Rhinitis medicamentosa is a result of overusing topical nasal decongestants, usually for more than a week, which in turn causes nasal congestion again [7]. Along with dryness, epistaxis, burning, and such moderate symptoms [5, 14], some other side effects may also occur as the dose goes high or in specific predispositions. Alpha-1 agonists may induce hypertension, dysrhythmias including tachycardia and so forth. Sleepiness and drowsiness are two side effects of alpha-2 receptor agonists frequently observed. [9].

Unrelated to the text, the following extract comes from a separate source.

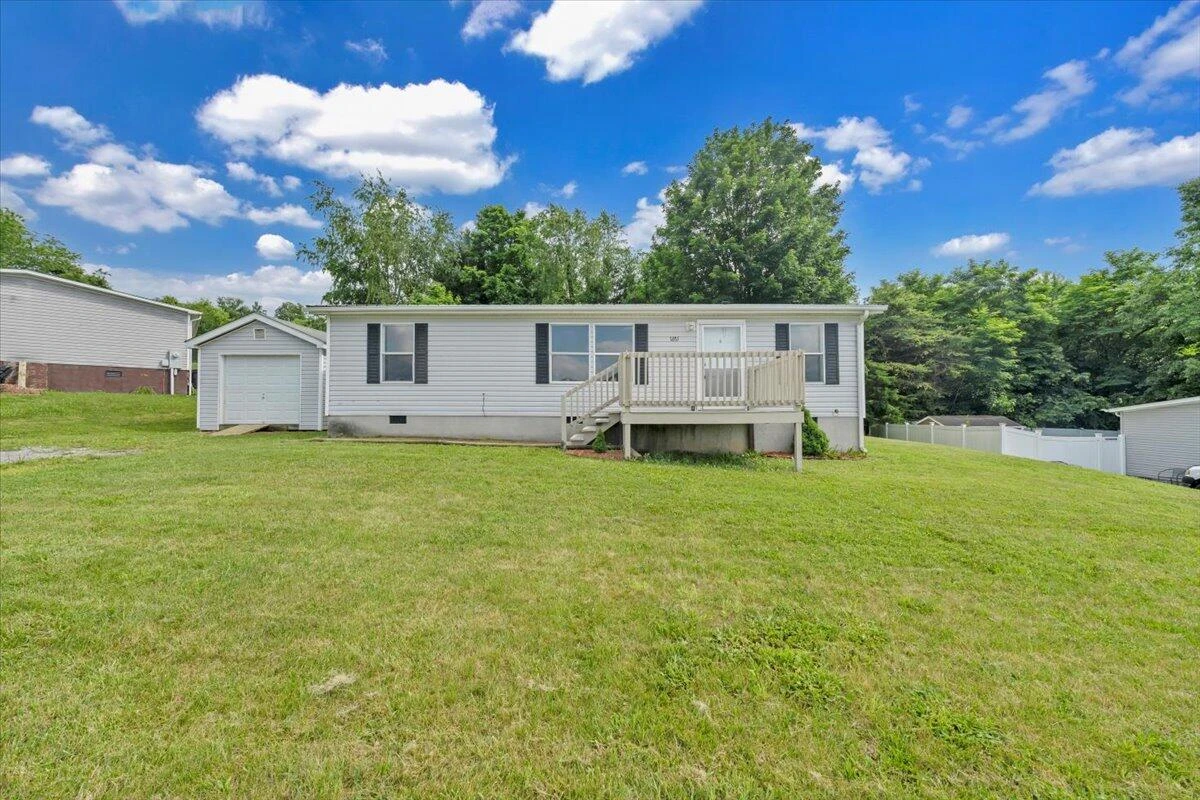 1631 Blue Spruce DR - Photo 33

Hitherto, intranasal corticosteroids (INCSs) have always been a relatively safe drug. Discomfort or burning, epistaxis, and dryness are symptoms similar to alpha agonists. Crusting, headache, sore throat and foul taste are mild symptoms but are of little prevalence. Septal perforation was reported in several isolated cases, and there was anecdotal data on temporary increased intraocular pressure [5]. The intranasal corticosteroid mometasone furoate, for instance, possesses excellent safety. Pregnant women and growing children can safely use it. The populace has verified its excellence in efficacy and safety since it has been on the market for about 24 years [16].

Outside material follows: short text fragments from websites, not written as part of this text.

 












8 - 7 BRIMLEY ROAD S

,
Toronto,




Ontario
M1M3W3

The nature of these drugs being intranasal sprays indicates that the nasal mucosa might be irritated due to improper ways of administration. These include mild symptoms such as discomfort resulting from burning, epistaxis, dryness, crusting, and sore throat. Hypertension, dysrhythmias, sedation and fatigue are probable adverse effects of alpha-adrenergic receptor agonists, but rhinitis medicamentosa should draw more attention since a vicious circle of nasal congestion may be generated by overusing topical nasal decongestants indiscriminately. INCSs, however, have no harms other than the ones mentioned before and are preferred for long-term use.

6. Conclusions

Nasal congestion, inflicting inconvenience on both individuals and societies, stems from swelling from inflamed nasal mucosa. Intranasal alpha-adrenergic receptor agonists and corticosteroids as prevalent medical therapies, can be utilised in different situations due to the discrepancies in modes of action, effectiveness and potential undesirable effects. Alpha-adrenergic receptor agonists have potent effects on the amelioration of nasal congestion but imply the risk of rhinitis medicamentosa from long-term use. Corticosteroid sprays provide gradual alleviation of nasal inflammation thus improving nasal ventilation. This research further clarifies and emphasises their application scenarios and underlying reasons, facilitating the understanding of the links and differences between these two drugs. With improved explanation, patients suffering from nasal congestion may opt for the most suitable medication while the misuse of intranasal decongestants leading to the vicious cycle of rebound congestion, which is a vital issue, can be addressed. Unfortunately, according to current literature, there are still several aspects of the mechanisms of action that need clarification for better application of the sprays in the future. At the same time, investigations into their combined use provide promising prospects in nasal congestion therapy.